Rights activists hope the firestorm that erupted in March when Indiana enacted a religious freedom law seen to target homosexuals represents a major legislative shift.

Companies like Apple -- whose chief executive Tim Cook is openly gay -- Levi's and Yelp threatened boycotts and issued strong rebukes, with the president of hotel giant Marriott, Arne Sorenson, blasting the law as "pure idiocy from a business perspective."

The Republican-dominated Indiana legislature caved to the pressure and passed a second law specifically forbidding discrimination based on sexual orientation or gender.

There has also been progress at the federal level despite the lack of explicit protection from discrimination based on sexual orientation.
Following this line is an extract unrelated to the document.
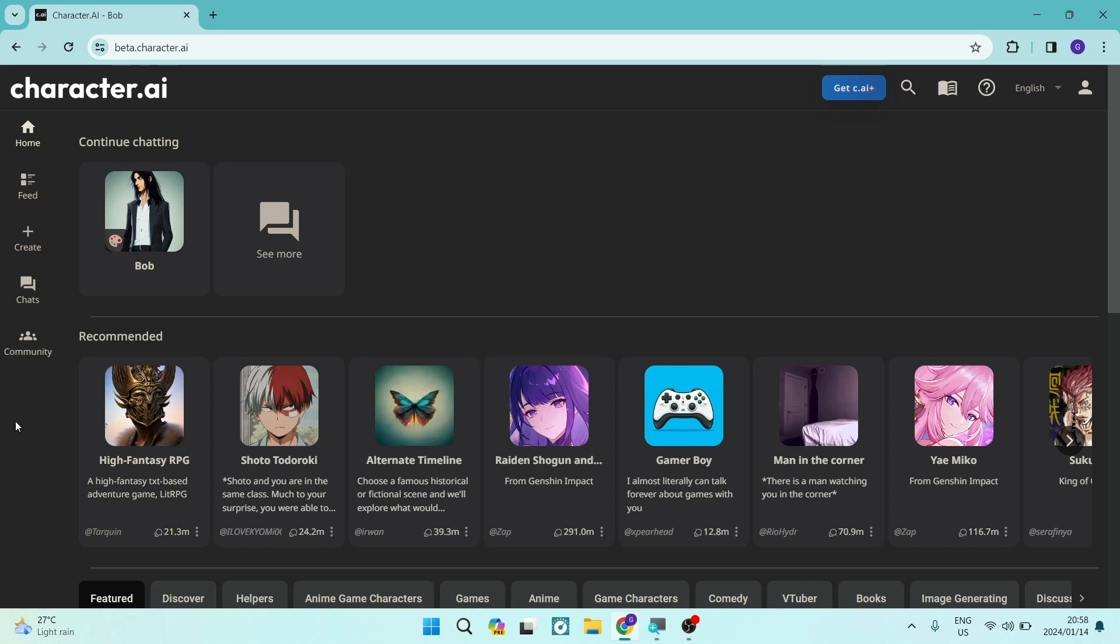Good day ladies and gentlemen, welcome to the channel. Thank you for joining us. Today I'm going to show you how to make a group chat on Character AI. So let's jump straight in.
The Equal Employment Opportunity Commission began prosecuting the cases of people fired for being gay, lesbian, bisexual or transgender in 2012, using a convoluted argument that it falls under the recognized category of sex discrimination because they were targeted for failing to conform to gender stereotypes.

A lesbian fired from an Iowa casino after ten years as a marketing manager used that argument to sue for wrongful dismissal because her boss repeatedly told her to wear more feminine clothes. 

The lack of explicit protection and a political climate in which homophobia is masked as religious expression encourages discrimination, said Jennifer Pizer, director of the law and policy at rights group Lambda Legal.

"People lose jobs because the manager or the boss believes they can fire the people with impunity," she told AFP.

"Lots of people may find it impractical to litigate. That's a reality."